Et c'est la double fonction du Notre Père que de permettre à ceux qui le prient de se reconnaître et en même temps de se distinguer de ceux qui ne le prient pas. Quand nous prions le Notre Père, nous reconnaissons l'autre qui le prie avec nous comme un frère ou une sœur dans la foi, indépendamment de ce qu'il croit ou pas. Le simple fait qu'il dise la même prière nous oblige à le considérer, au moins avec le bénéfice du doute, comme partageant la même relation avec un Dieu qui est avant tout « Notre Père ». Et qu'il soit « aux cieux » ou pas, n'a à ce moment-là que peu d'importance. Et a contrario, rester silencieux au moment de la prière est une affirmation discrète mais résolue de son quant à soi, le signe que l'on n'adhère pas à la foi commune qui s'exprime dans la prière commune.

J'insistais le mois dernier sur l'équilibre trouvé par le Notre Père entre ce qui est intime et ce qui est public, entre l'individuel et le collectif, entre l'humain et le divin. Aujourd'hui, c'est cette dimension de lien, de ciment d'une communauté, d'abord celle des disciples jusqu'à la nôtre aujourd'hui, qui est au cœur du texte de Luc.

Une prière qui unit et qui sépare, rassemble et distingue, c'est la définition de la sainteté ou pour le dire dans les termes de Jean Calvin mais aussi du Notre Père, de la sanctification. En effet, immédiatement après s'être défini comme ceux qui se reconnaissent comme enfants d'un Dieu qu'ils appellent « Père », les fidèles se placent sous l'autorité d'un nom mis à part, mis au-dessus de tout.

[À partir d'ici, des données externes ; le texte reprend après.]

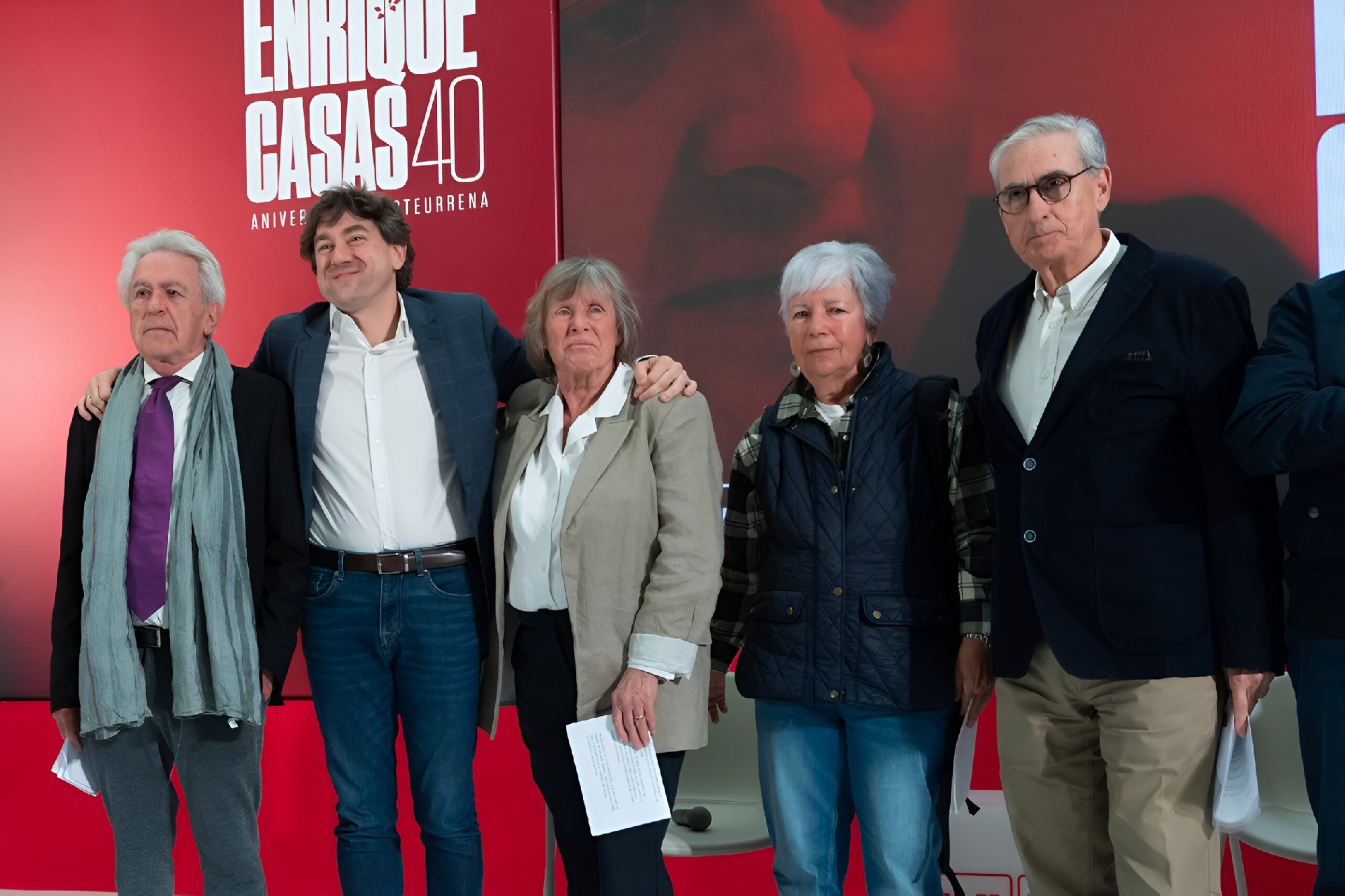 El Secretario General del PSE-EE, Eneko Andueza, junto a José Antonio Maturana, Bárbara Dührkop, viuda de Enrique Casas, Ana Miranda y Ramón Jáuregui | Foto: Socialistas Vascos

Nous n'avons plus aujourd'hui conscience de l'importance du « nom » dans la mentalité des peuples antiques. Le nom, c'est l'essence même de la personne qui est toute entière contenue dans son nom parce que le nom contient toute son histoire depuis ses origines et le nom dont nous parle le Notre Père, c'est évidemment le nom de Dieu tel qu'on n'ose le prononcer quand on est élevé dans la foi de Moïse, ce terme imprononçable parce qu'on ne saurait le dire exactement. Si les Hébreux ne disent pas le nom de leur Dieu et si ce nom n'est pas dit dans le Notre Père, c'est que le prononcer serait l'inscrire dans un temps et dans un lieu précis alors même que rien, même pas quelque chose d'aussi fragile et fugace qu'un mot et a fortiori aucun temple ni aucun raisonnement, ne saurait enfermer Notre Père ni dans le temps ni dans l'espace.


Les peuples nomment leurs dieux : Zeus, Jupiter, Mardouk, Isis, Ishtar, Attis ou que sais-je, les noms de dieux sont sans fin, et ils invoquent leurs dieux dans leurs prières pour ne pas se tromper. Ils prient « le Zeus qui est à Dodone » pour le distinguer de l’Apollon de Delphes ou du Baal des Syriens. À l'inverse de tous les autres, les chrétiens priant le Notre Père ne disent pas le nom de leur Dieu et, suivant Luc, ne disent même pas où il se trouve. Il est simplement invoqué dans sa fonction première, celle d'être notre père, celui dont procèdent toutes les grâces et les dons reçus.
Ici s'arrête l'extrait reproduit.